The prospect of increasingly high tides can be a worrying thought for anyone, but imagine if you lived somewhere like Venice. Imagine if you faced having to check the tide times to see the next time a gondola was likely to try to barge its way in through your front door, not to mention the uniquely aromatic water from the canals.
Flippant comments aside, the effects of global warming on the tides is a serious concern for the people of the Italian city, prompting a huge infrastructure project that has been cited as one of the most vital ever in the history of Venice.
This project is not just aimed at preserving the valuable tourist economy of the world-renowned holiday hot spot, but is seen as essential to protect the history, lives and livelihoods of the people who live and work in the city both now and in the future.
The MOSE project – named in reference to Moses and the way in which the Red Sea was parted – is aimed at saving the Venetian Lagoon and the city itself from the damaging effects of ever-rising tides.
The project, which is now almost 80 per cent finished, is set to be completed next year. It will have cost around 5.5 billion Euros and includes the creation of 78 mobile barriers at the Chioggia, Malamocco and the Lido inlets. These are the gaps which allow the Adriatic waters to flow into the lagoon.

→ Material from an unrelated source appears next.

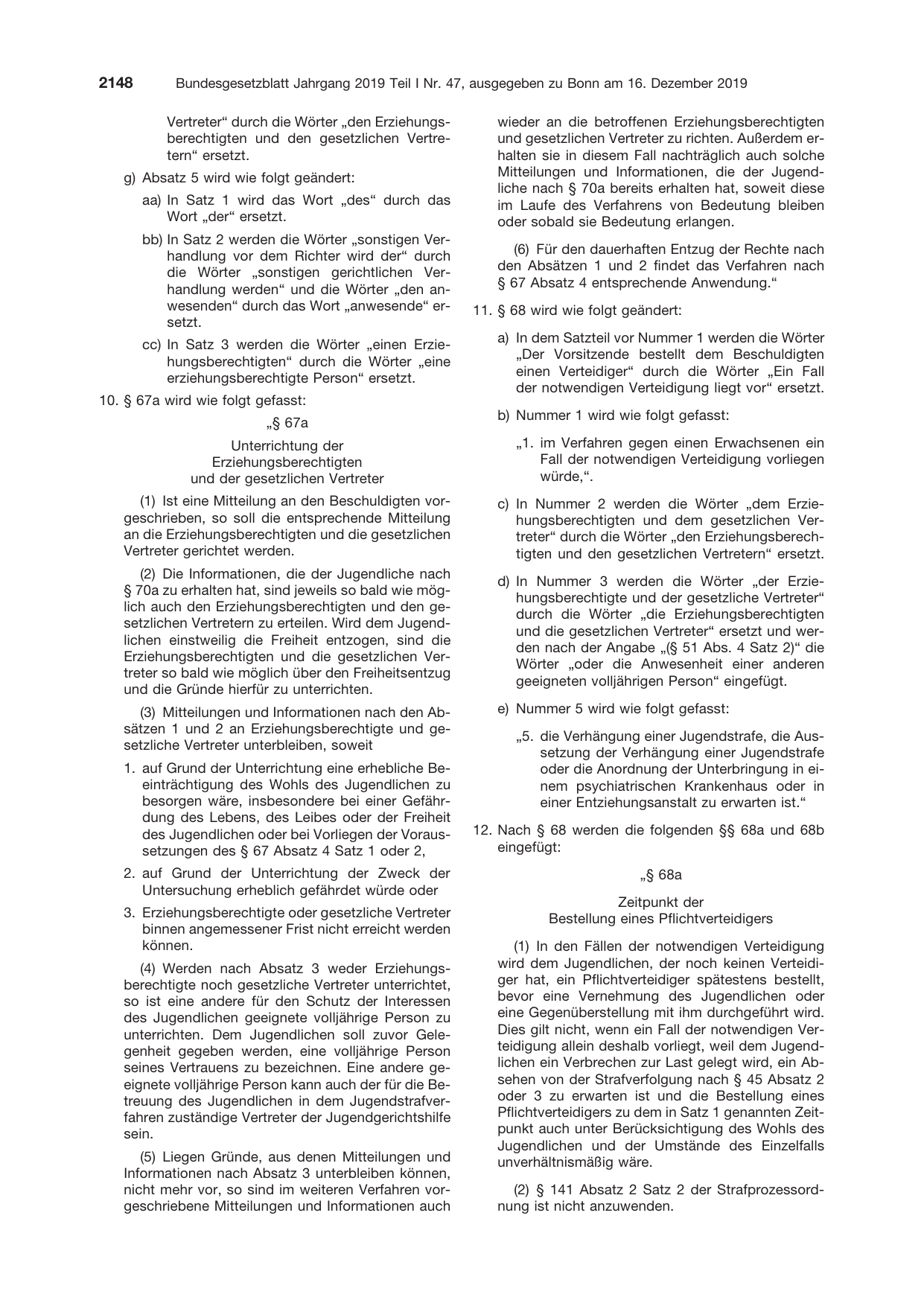 BGBl. 2019, Seite 2148 — Originalseite als Abbildung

The steel-gated barriers are normally located beneath the surface of the water but if particular high tides are forecast they can be raised temporarily to cut the Adriatic out and reduce the risk of flooding.
These gaps span between 800 metres and 380 metres, meaning that the MOSE system is evidence of a major feat of modern day engineering and a signal of the global efforts now being made to seek innovative solutions to the growing threat of rising tides.